Here you will learn what is the formula for volume of cylinder with examples.
Let’s begin –
What is Cylinder ?
Cylinder is a solid which has both of its ends in the form of circle. Its dimensions or sides are defined in the form of the radius of the base (r) and the height (h). A gas cylinder is similar/close approximation of a cylinder.
Also Read : Formula for Surface Area of cylinder – Derivation & Example
Formula for Volume of Cylinder
Volume of a Right Circular Cylinder = \(\pi r^2 h\)
Volume of Hollow Cylinder = \(\pi (R^2 – r^2) h\)
where R is outer radius and r is inner radius of cylinder.
Derivation :
We know that, Volume = base area \(\times\) height
Therefore, Volume of Cylinder = base area \(\times\) height
= \(\pi r^2\) \(\times\) h = \(\pi r^2 h\)

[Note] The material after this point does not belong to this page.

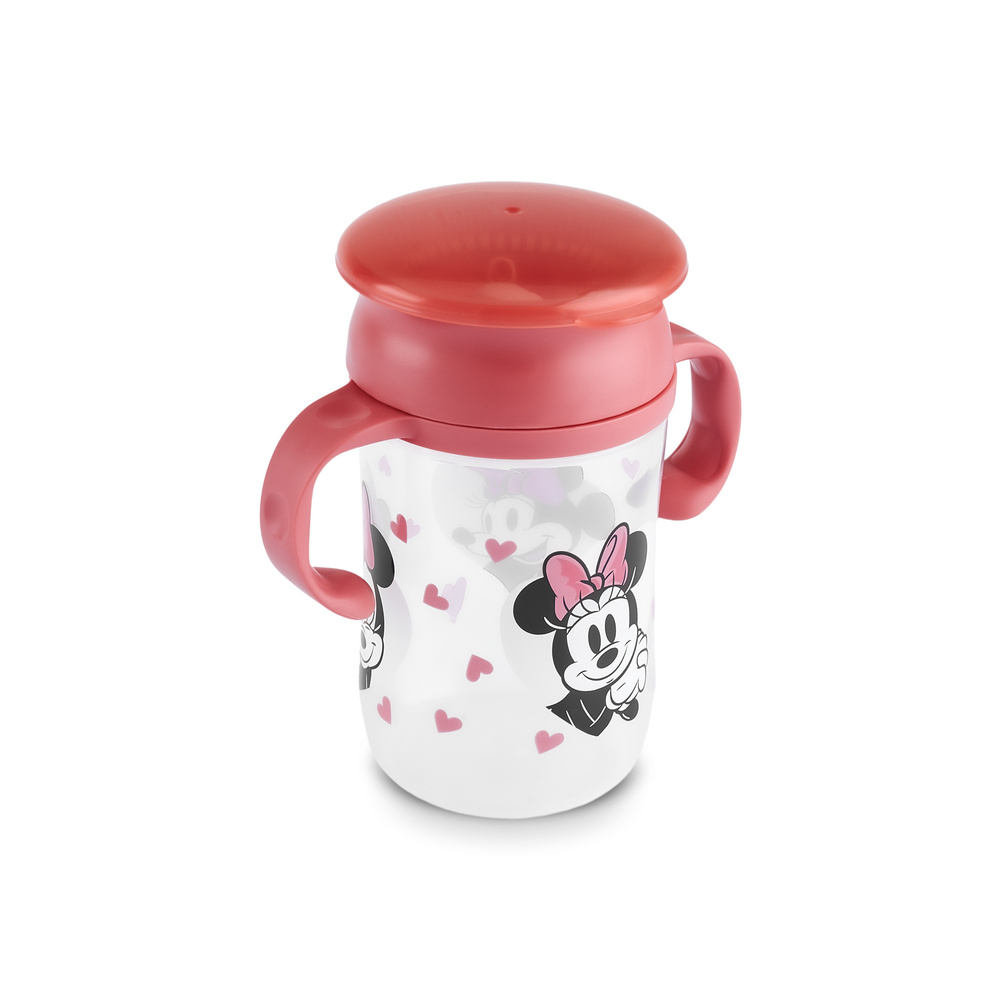 Disney Baby Mickey Mouse Suluk 395 ml görseli 3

Example : Two cylindrical vessels are filled with oil. The radius of one vessel is 15 cm and its height is 25 cm. The radius and height of the other vessel are 10 cm and 18 cm respectively. Find the radius of a cylindral vessel 30 cm in height, which will just contain the oil of the two given vessels.
Solution : Radius of first cylindrical vessel = 15 cm
Volume of first cylindrical vessel = \(\pi r^2 h\) = \(\pi {15}^2 \times 25\) = \(5625 \pi\) \(cm^3\)
Radius of second cylindrical vessel = 10 cm
and its height = 18 cm
Volume of the second cylindrical vessel = \(\pi r^2 h\) = \(\pi {10}^2 \times 18\) = \(1800 \pi\) \(cm^3\)
Height of the third cylindrical vessel = 30 cm
and let its radius = R cm
Its Volume = \(\pi r^2 h\) = \(\pi {R}^2 \times 30\) = \(30 \pi R^2\)
According to Question,
Volume of the first cylindrcal vessel + Volume of the second cylindrical vessel = Volume of the third cylindrical vessel.
\(\implies\) \(5625 \pi\) + \(1800 \pi\) = \(30 \pi R^2\) \(\implies\) \(7425 \pi\) = \(30 \pi R^2\)
\(\implies\) \(R^2\) = \(7425\over 30\) = 247.5
\(\implies\) R = 15.73 cm
Hence, the radius of the required cylinder = 15.73 cm